Just ran the very first version of an app we are building on multiple RPIs, it lasted for all of 25 minutes and generated good data before melting down. The fact that all the Pis gave up the ghost at the same exact time, and were all using the same power supply, makes me suspect a power glitch. The RPIs are horribly underpowered (and i mean power in the electrical sense) – for instance it is a known issue that with some power supplies, taking a picture will cause the ethernet connection to drop.
But honestly I’d have been happy if they ran for 5 minutes before exploding. So progress.
06 May 2014
Been quiet on the blog. Super busy learning about modern software development. In no particular order, I’ve been playing with: webgl, three.js, node.js, shaders, opencv, 0mq, travis ci, ansible, raspberry pi, arduino, resin.io, docker, vagrant, coreos, objective-c, github, hadoop, ubuntu and debian and raspbian and fedora and centos and RHEL, and about 100 more things. Having a blast!
We are looking to hire a few people and if any of the mishmash above appeals, let me know…

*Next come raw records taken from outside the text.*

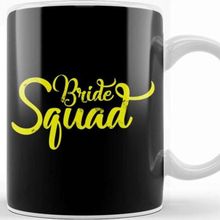 Baskı Dükkanı Bride Squad Cute Bachelorette Wedding Group Party Kupa Bardak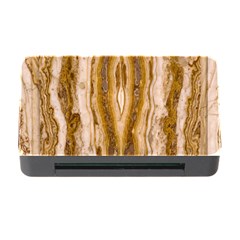 Marble Wall Surface Pattern Memory Card Reader With Cf by Sapixe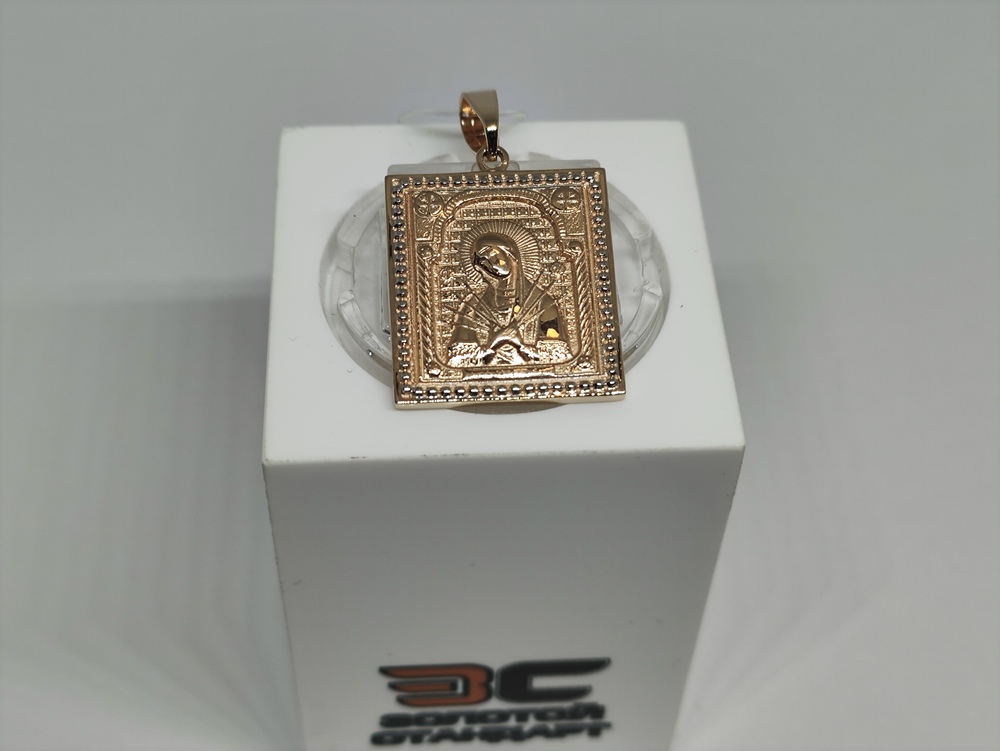 ПОДВЕСКА ИКОНА без камня (Au 585)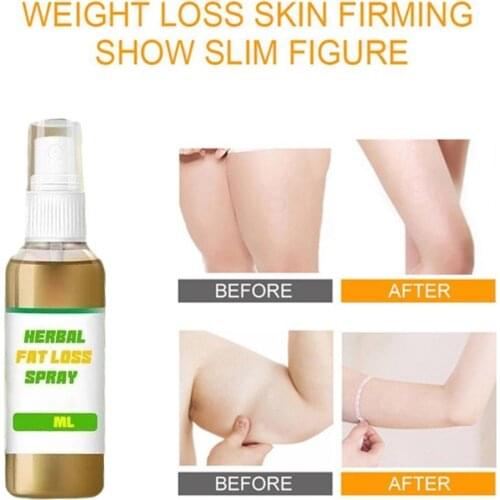 10/30ml Natural Herbal Fat Loss Fast Fat Burning Fat Firming Weight Spray Loss Spray Fatburning Nourishing Abdominal Fat
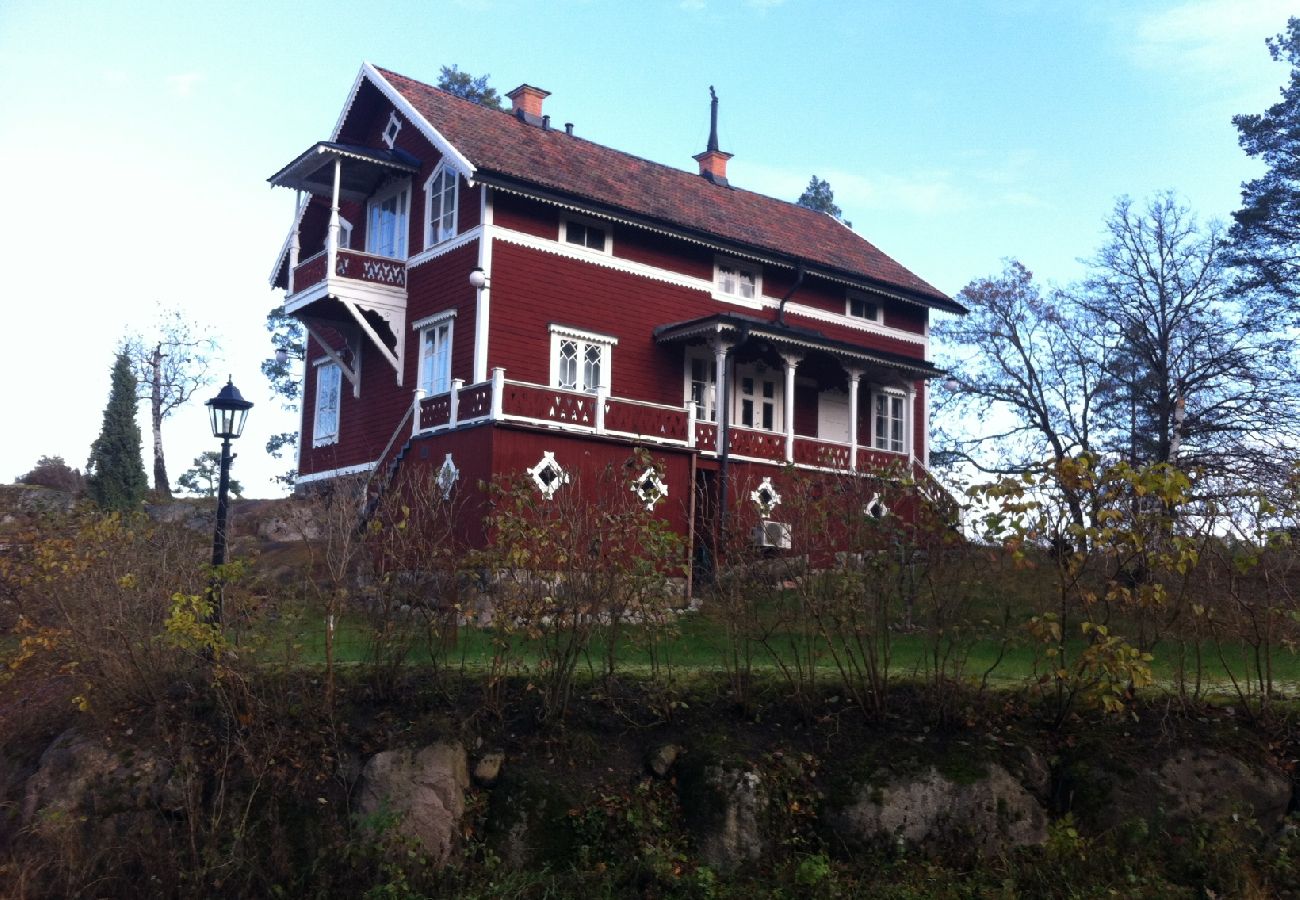 Stuga i Saltsjö-Boo - Villa Bergshyddan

One milestone of my new career direction is my first accepted pull request to an open source project (the node.js mappings for opencv). Ok it was a silly little bit of frippery, adding line thickness to some line drawing routines, about 4 lines of code, but it has been a long long time since I contributed any code to any effort so it makes me kind of happy.
I have a more sizeable contribution chunked up and ready to go soon, so hopefully this won’t be the last.